Of course, Wight knows that being 7-feet-tall, 338 pounds (which is major shrinkage from his days as a wrestling champion) “limits a lot of your options” — as he put it — in this town.
“It’s tough to convince people [otherwise], especially because Hollywood is more of a money business than pro wrestling,” Wight said. “If they’re going to invest millions of dollars into a project to put this movie out, they’re going to invest in somebody who can put people in seats or are going to [make them want to] buy it or who people are going to buy the downloads [for]. That’s who they are investing in to pull this part off. And it’s not one of those things like, ‘I have a dream!’ They don’t give two craps about your dream. They want to make sure that the investment is good.”
One way for a giant to pay dividends in a way others can’t is by making set dressing look like miniatures.

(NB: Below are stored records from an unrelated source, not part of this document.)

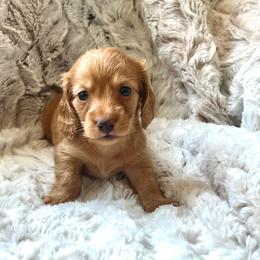 Ron - Red male Dachshund puppy in Casper, Wyoming from Daisy's Doxies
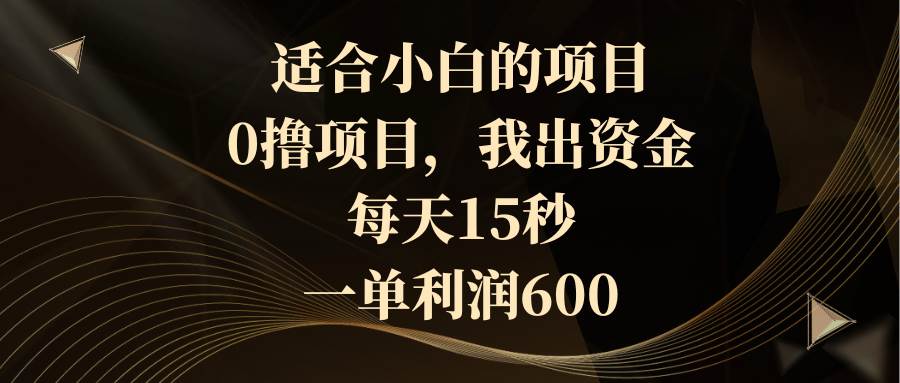 （8571期）适合小白的项目，0撸项目，我出资金，每天15秒，一单利润600-三石资源库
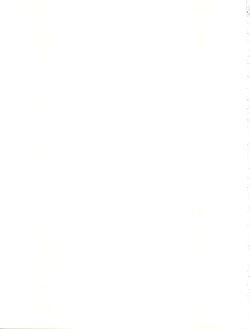 Page 45 of Hadashi no Vampire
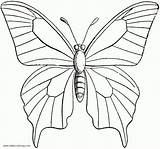 Butterfly Coloring Pages Clipart Kids Printable Color Print sketch template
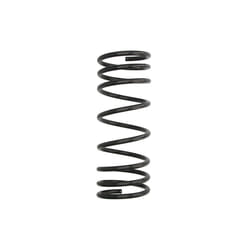 Molla del telaio EIBACH Pro-Kit F1004002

“I pick up a can of soda, three fingers covers the whole can — you know what I mean?” he continued. “So that as a viewer watching a scene, you’re going to be awed by that, but at the same time, delivering the dialogue, I can change that perception where eventually, the way I interact with my background tends to not be such a big factor. It’s there, but it’s not the only thing they’re seeing, you don’t have to play to it.”
On the big side of the spectrum, Show took lessons from Josh Brolin as Thanos in the “Avengers” movies.
“Thanos I thought was great, because when you’re that big and you’re that powerful, you’re never loud. You don’t growl, you don’t have to because you know how powerful you are,” Wight said. “That’s one of the biggest things for a lot of the stuff I’ve done, ‘Oh, can you growl here?’ I’m like, ‘Yeah, but, I wouldn’t.’ Because when you’re this big, you don’t have to run around. Small guys have to run around and prove how big they are. Big guys don’t have to. Trying to keep that authenticity.”
“But I love Josh Brolin’s performance in that Marvel ‘Infinity War’ stuff because I just thought he nailed it right on the head. Because if you’re Thanos, what do you have to stress about?”
(Thanos probably should have stressed about Iron Man figuring out time travel from his lake house.)
Season 1 of “The Big Show Show” is currently streaming on Netflix.